Gov. Phil Murphy’s dispute with South Jersey powerbroker George Norcross over controversial Economic Development Authority tax breaks had its day in Mercer County Criminal Court.
After hours of arguments, presiding judge Mary Jacobson sided with the Murphy administration and did not grant an injunction.
At issue was whether Murphy’s task force investigating the EDA should be allowed to continue its work, including issuing an interim report. On one hand, George Norcross and several corporate entities based in Camden, say that the task force has exceeded its authority and is targeting private individuals like them and not the EDA.
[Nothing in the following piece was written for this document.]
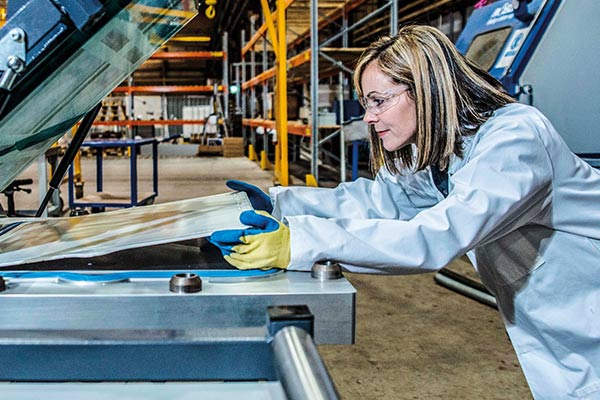 Machine factory worker in safety goggles and gloves laying a piece of sheet metal on a press machine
“Whenever you are denying the opportunity to confront one’s accusers, whenever you are truncating their ability to make a full and fair presentation in their defense, you are of course violating their constitutional rights,” said Kevin Marino, attorney for Parker McKay. “We don’t think we’re a proper subject, we don’t think you’re examining the affairs or the management of even the EDA — which we don’t think is a state agency — but be that as it may, if you’re going to do that, let us cross-examine.”
“You will impact the law of this state for many, many years. Your decision will have enormous precedental value. It will determine what a governor may do or not do in terms of agencies which are in but not of the state,” said Herbert Stern, attorney for Cooper University Health Care.
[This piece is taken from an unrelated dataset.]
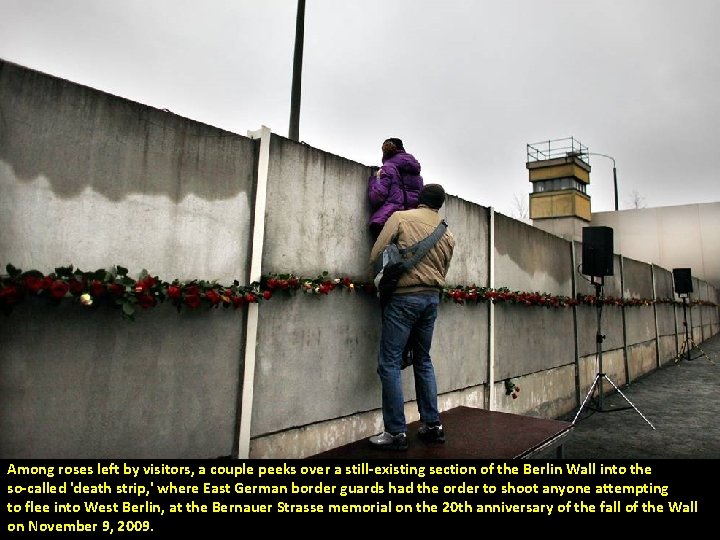 Among roses left by visitors, a couple peeks over a still-existing section of the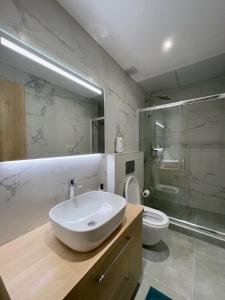 a bathroom with a sink and a shower and a toilet at Stunning 2 BR Near Acropolis in Athens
On the other hand, the governor’s side says that efforts are being made to try to hide information concerning hundreds of millions of dollars in public funds.
“You’re trying suppress important, fundamental information from the public under the guise now of the possibility that their clients may be mentioned,” said Ted Wells, an attorney for the governor. “This is a radical, unprecedented ruling that they are asking you to make. Radical and unprecedented. The governor has every right to hold a hearing. This is voluntary information that they got from the EDA.”
“We are talking about issues of the public purse — hundreds of millions of dollars going back to 2017 under Gov. Christie when this was identified. So nobody can say that this is something Gov. Murphy invented,” Wells added.